A quinta Maria (Sarah Bernhardt – 1844-1923) era uma criança difícil e de saúde frágil, um dos amantes da mãe, o duque de Morny, meio-irmão materno do imperador Napoleão III, decidiu que a rapariga deveria ser atriz, e quando completou 16 anos conseguiu que fosse admitida no Conservatório de Paris.

Como ficar indiferente às histórias de vida destas mulheres excecionais? Algumas anónimas, mas não menos importantes, outras mais conhecidas e decisivas para o desenvolvimento humano.

Katherine Johnson
Katherine Johnson

Na semana passada deixou-nos Katherine Johnson, matemática da NASA que ajudou o Homem a chegar à Lua. Katherine e a sua equipa de mulheres negras na NASA eram conhecidas como “computadores” quando o termo era usado para pessoas que trabalhavam em computação. Trabalhou no Projeto Mercúrio e no Programa Apollo, que levou pela primeira vez humanos à Lua. Johnson foi responsável pelos cálculos que sincronizavam a nave lunar e o módulo de comando em órbita. O astronauta John Glenn, o primeiro a entrar em órbita da Terra, a bordo da cápsula espacial Friendship 7, fez questão de consultar Katherine Johnson antes do seu primeiro voo, em 1962. “Deixam a rapariga conferir os números”, afirmou o astronauta.

Maria de Lourdes Pintassilgo
Maria de Lourdes Pintassilgo

Voltemos ao estudo do Programa das Nações Unidas para o Desenvolvimento em que os inquiridos subestimavam a capacidade de liderança das mulheres em termos políticos, em Portugal apenas por uma vez uma mulher ocupou o cargo de primeira- ministra, tendo sido a Eng. Maria de Lourdes Pintassilgo durante cerca de 100 dias, no V Governo Constitucional. Lourdes Pintassilgo foi uma personalidade impar na política portuguesa e uma referência nacional e internacional na defesa dos direitos e interesses das mulheres e da sua igualdade, tanto na esfera pública como na esfera privada.

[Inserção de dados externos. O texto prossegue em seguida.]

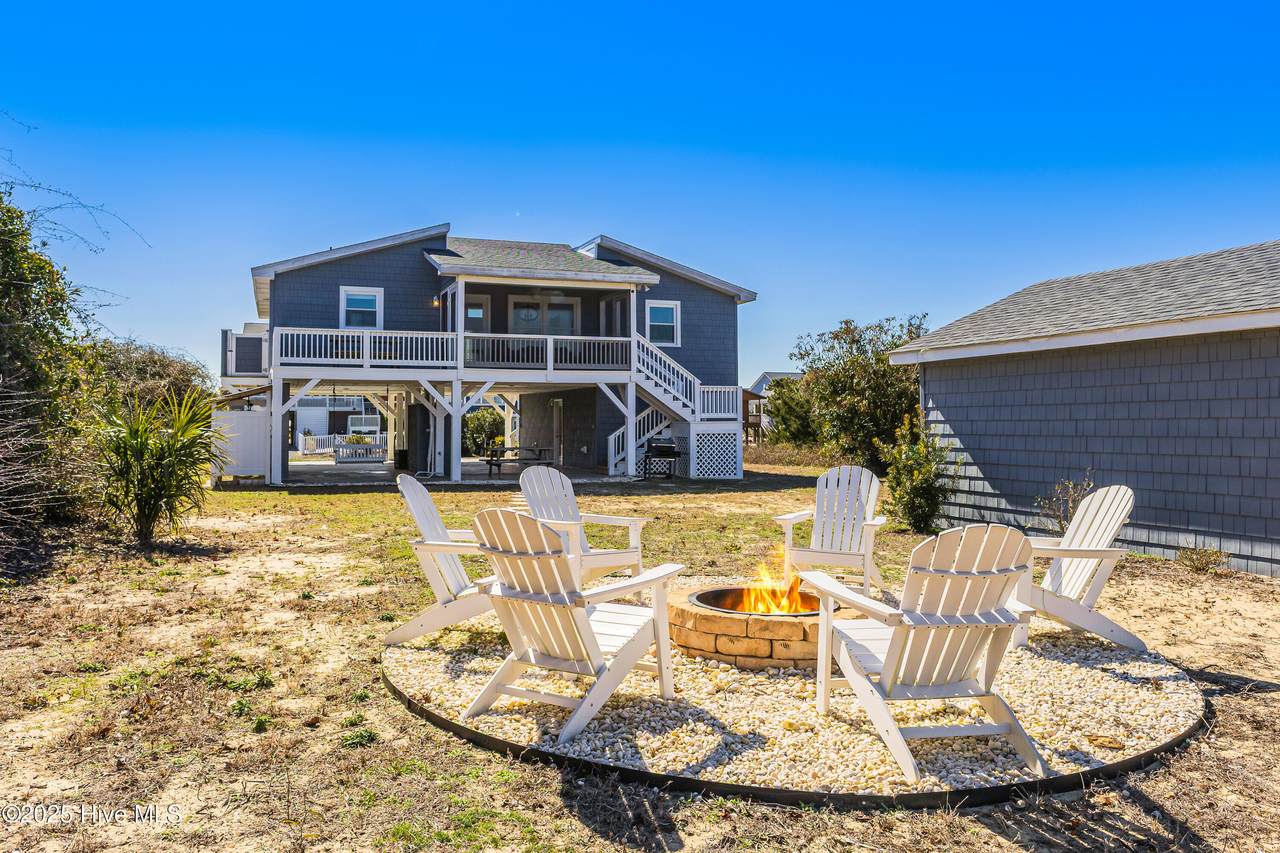 2004 Pelican Drive - Photo 1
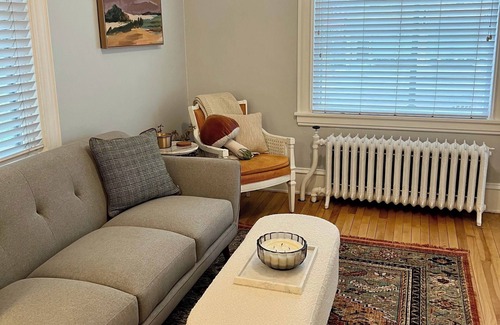 Summit - University Apartment | St. Paul's Cozy Retreat is a two bedroom unit located in the heart of St. Paul.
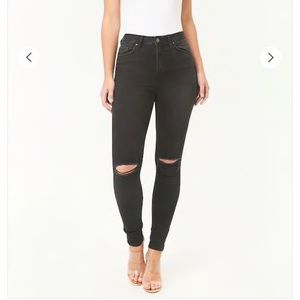 FOREVER 21 HIGH WAISTED RIPPED BLACK SKINNY JEANS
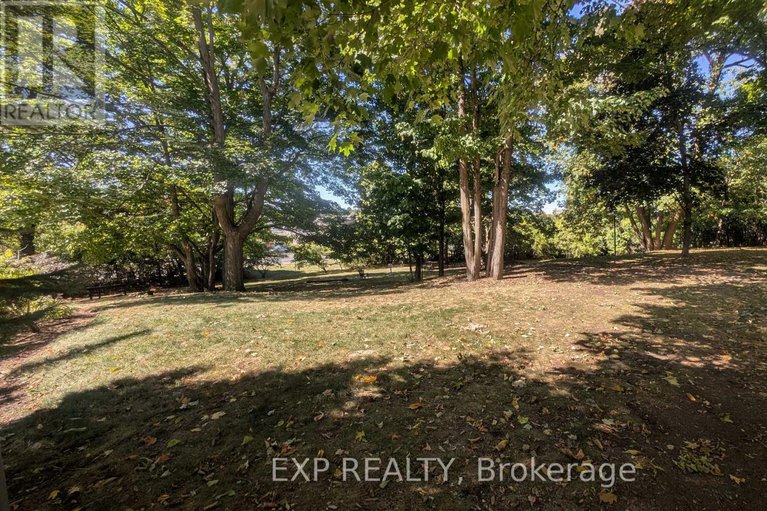 28890063/518-20-chesterton-drive/borden-farmstewart-farmcarleton-heightsparkwood-hills/ottawa/ontario/K2E6Z7_42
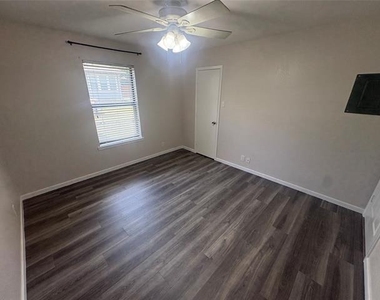 904 N Austin Street - Photo Thumbnail 12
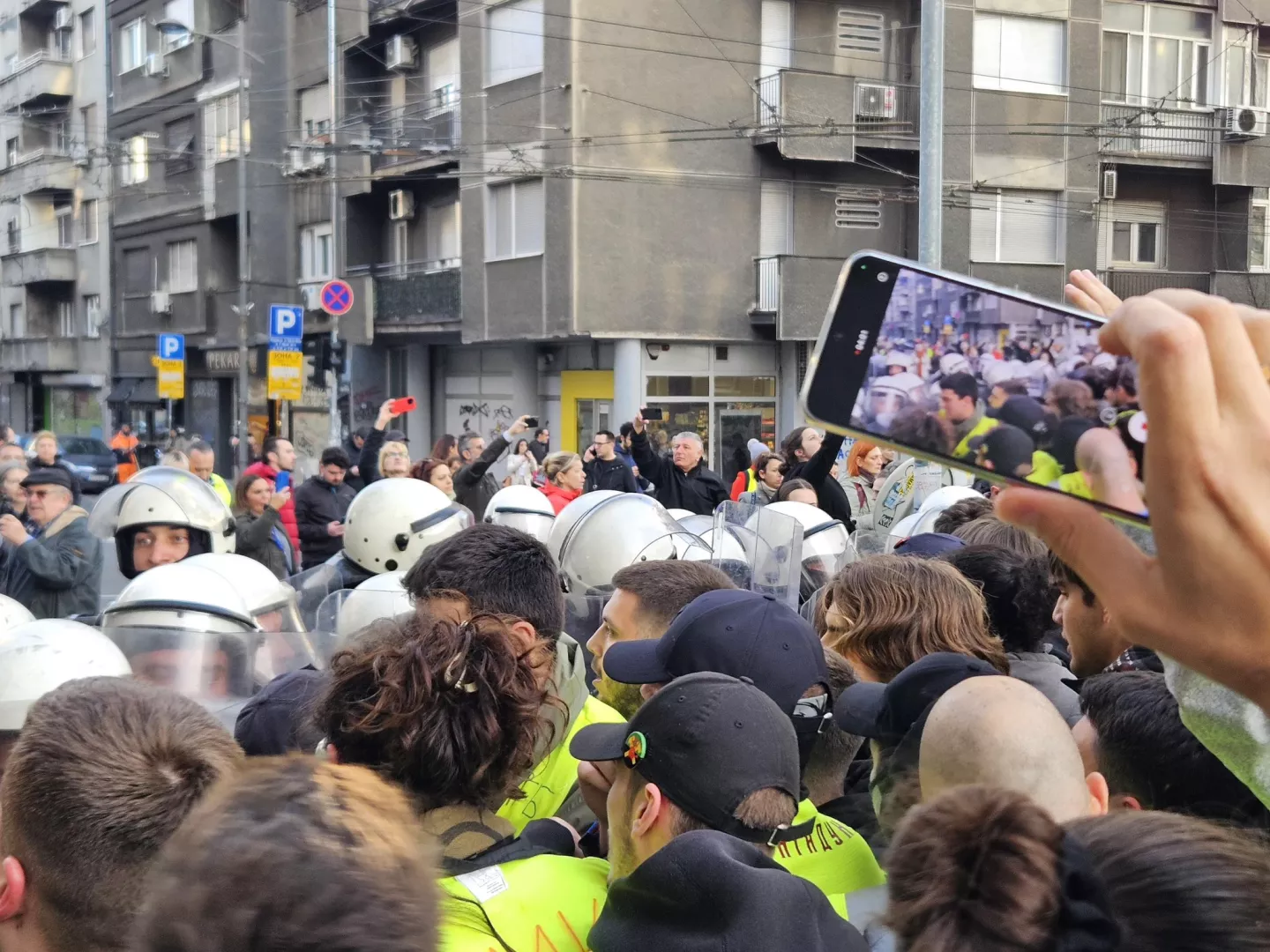 Incident ispred RTS-a: Sukob policije i demonstranata, povrijeđen policajac Incident ispred RTS-a: Sukob policije i demonstranata, povrijeđen policajac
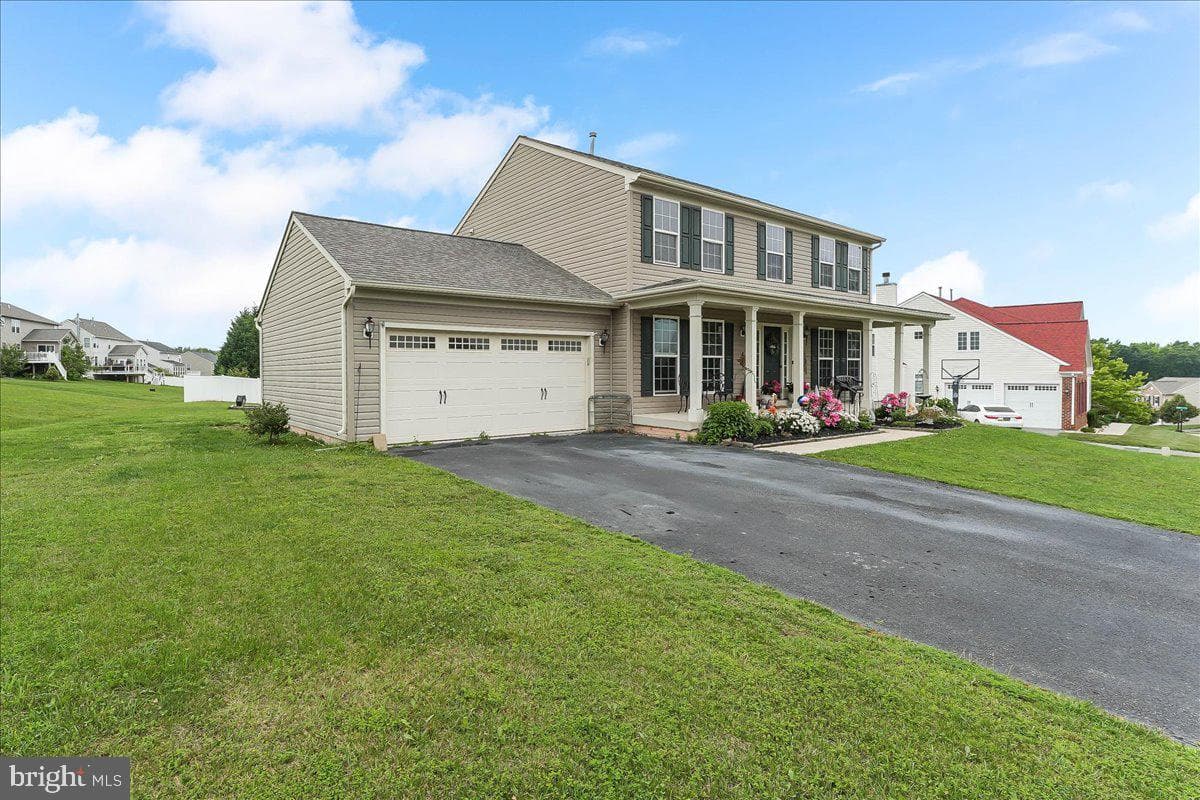 3 Goldspire Drive photo 2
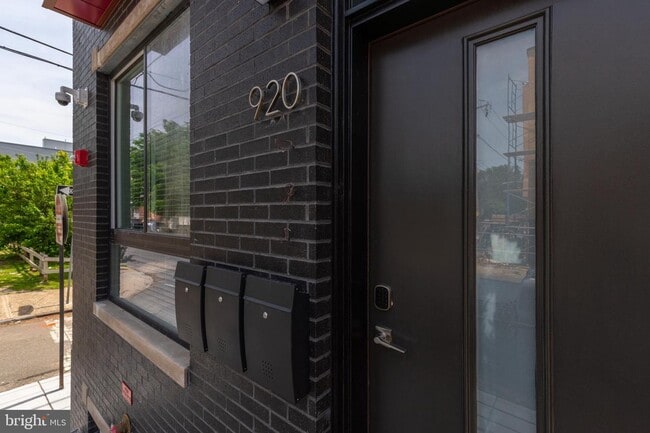 Building Photo - 920 W Susquehanna Ave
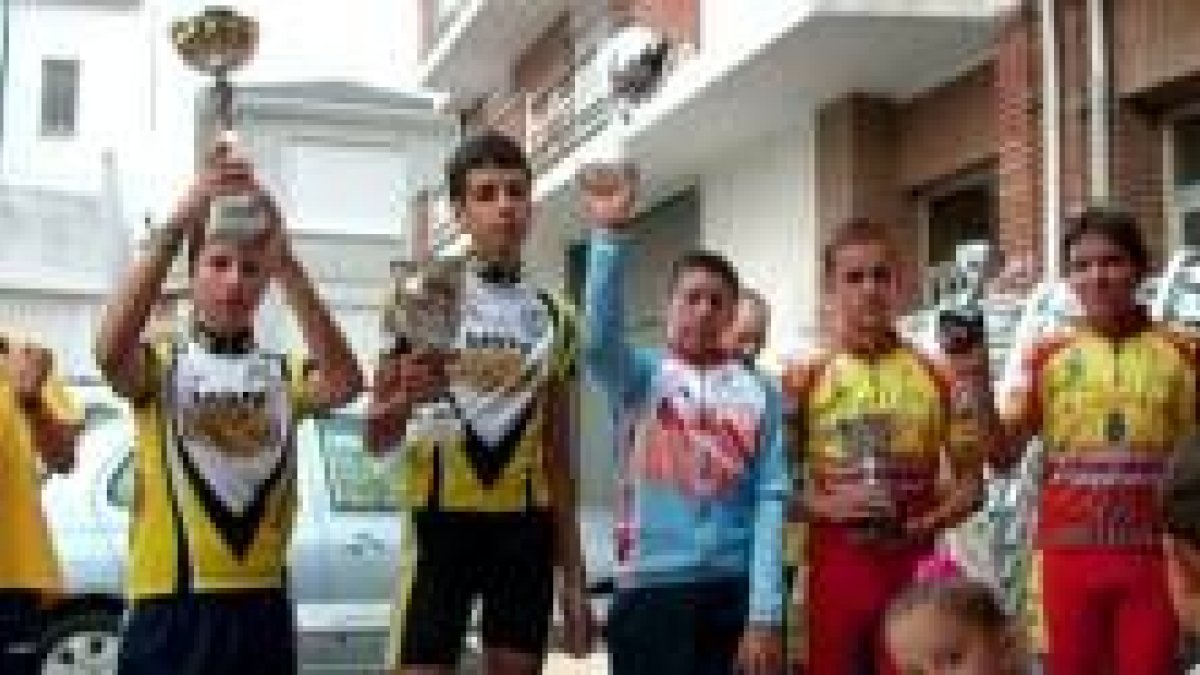 El Grupo Gorras apuesta por el ciclismo de base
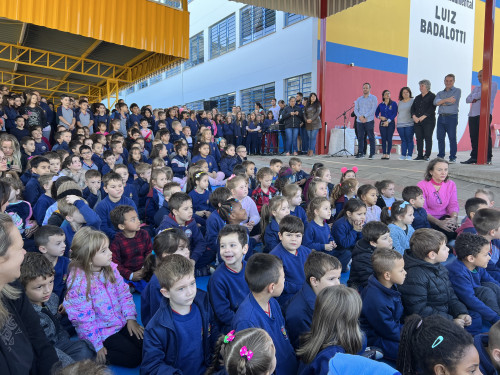Escola Luiz Badalotti celebra 20 anos de atividades voltadas a Comunidade Escolar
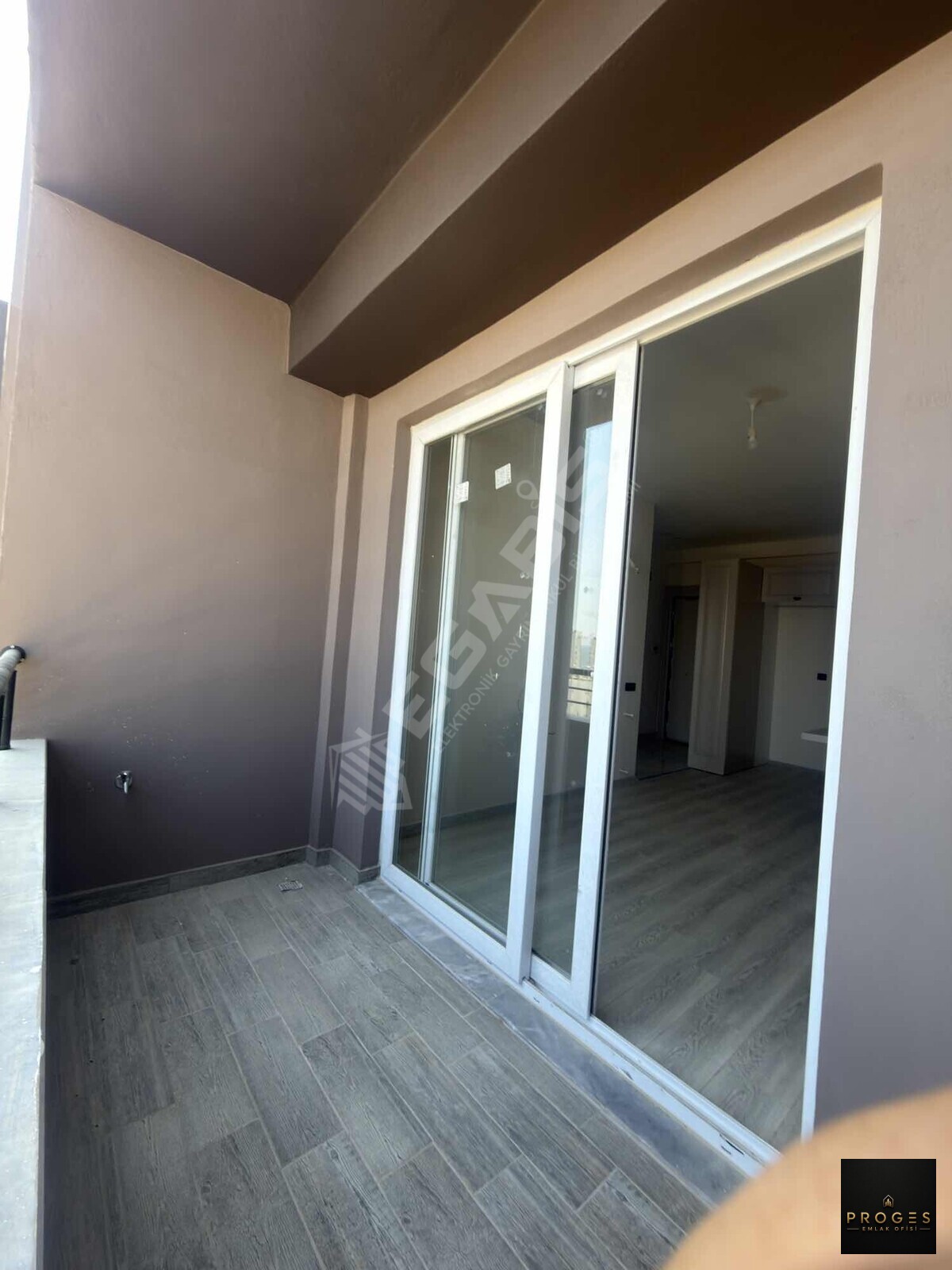 PROGES'TEN DENİZ MANZARALI 1+1 KİRALIK DAİRE - 9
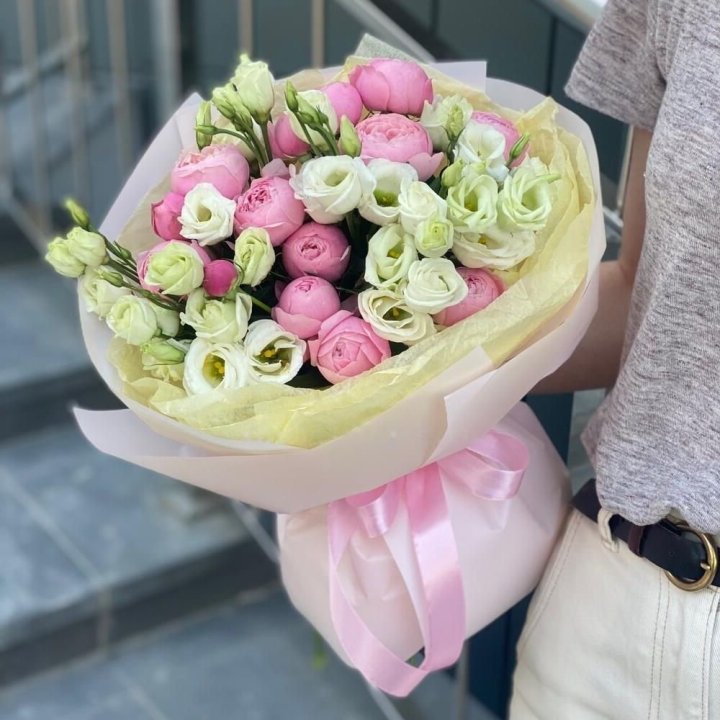 Spray Rose and Lisianthus Bouquet in Antwerp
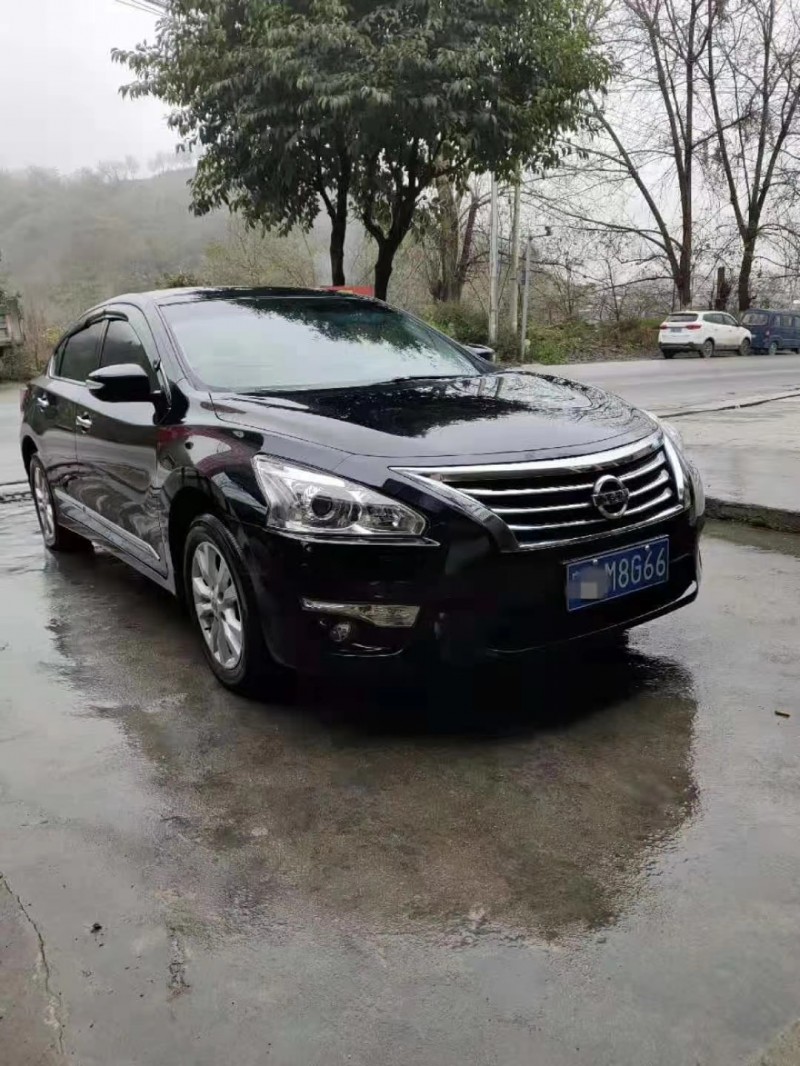 安順15年日產天籟1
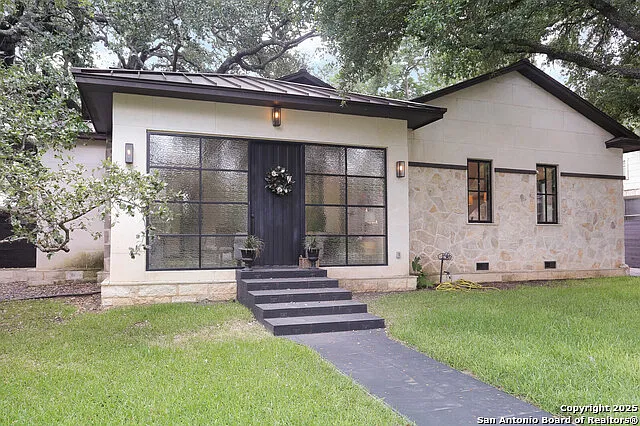 4 bed, 4.5 bath, 2418 sqft, $6,800 — Photo 2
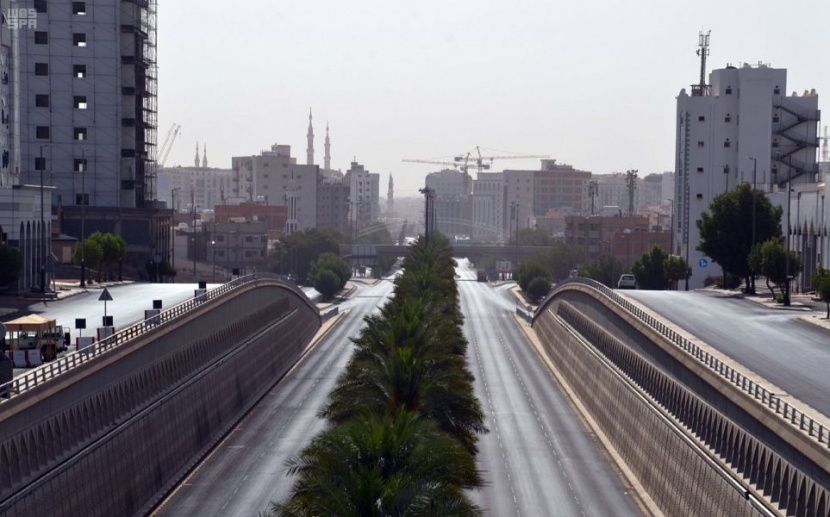 أهالي المدينة المنورة يلتزمون بقرار منع التجول الكلي في أول أيام عيد الفطر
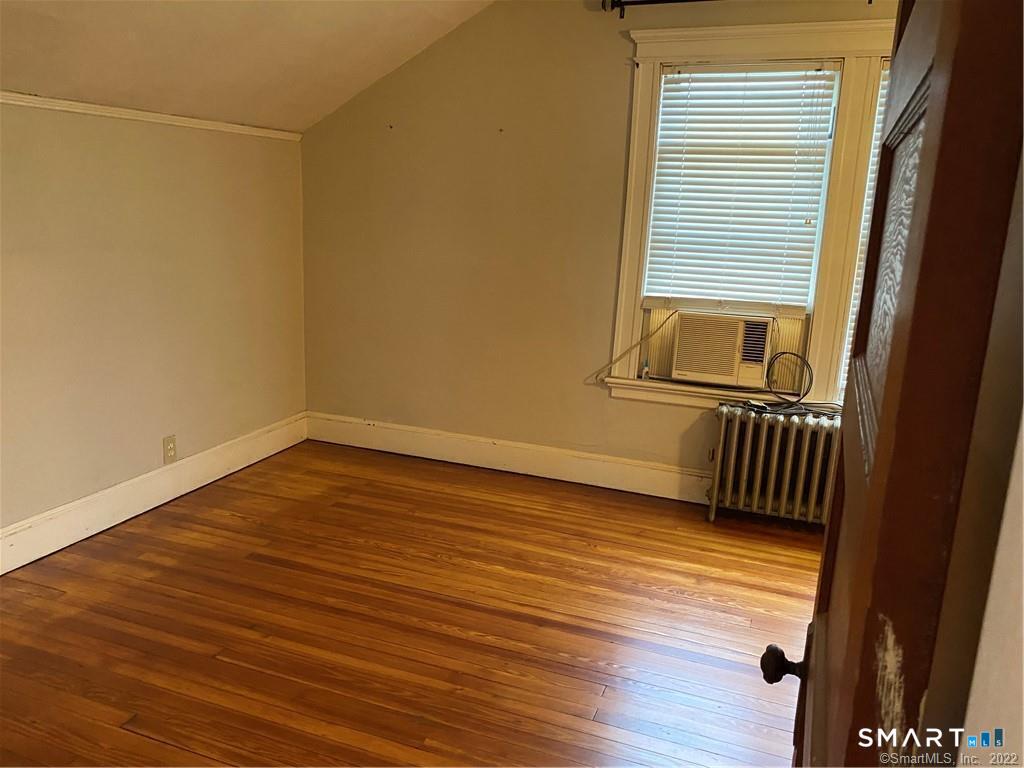 16 Holbrook Court Ansonia CT 06401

A evolução da Humanidade passará sempre pelo reconhecimento do papel das mulheres na sociedade nos mais diversos domínios, com direitos e deveres iguais, sem qualquer preconceito ou discriminação.

Em jeito de provocação saudável, deixo este reparo acerca da meritocracia no que diz respeito aos talentos para cozinhar, as mulheres alimentam meio mundo todos os dias, contudo contam-se pelos dedos das mãos, as mulheres laureadas com as famosas Estrelas Michelin. A estatística interna apenas acompanha a tendência mundial, basta lembrar a exiguidade de chefs femininos premiados a nível global – apenas 5% do total de estrelas atribuídas. Em Portugal, apesar das inúmeras chefs de cozinha conceituadas, nenhuma logrou ainda receber uma estrela Michelin, em sinal de reconhecimento das suas longas e prestigiadíssimas carreiras na cozinha.

Com este artigo rendo a minha homenagem a todas as mulheres que todos os dias completam a vida dos outros com a sua capacidade única de trabalho árduo, criatividade e sensibilidade muito própria. Permita-me o leitor um último agradecimento à porteira da rua Hoche, minha mãe, pelo exemplo ao longo da sua vida. Uma mulher anónima, contudo capaz das mais inacreditáveis tarefas, sendo incapaz de voltar a cara à luta.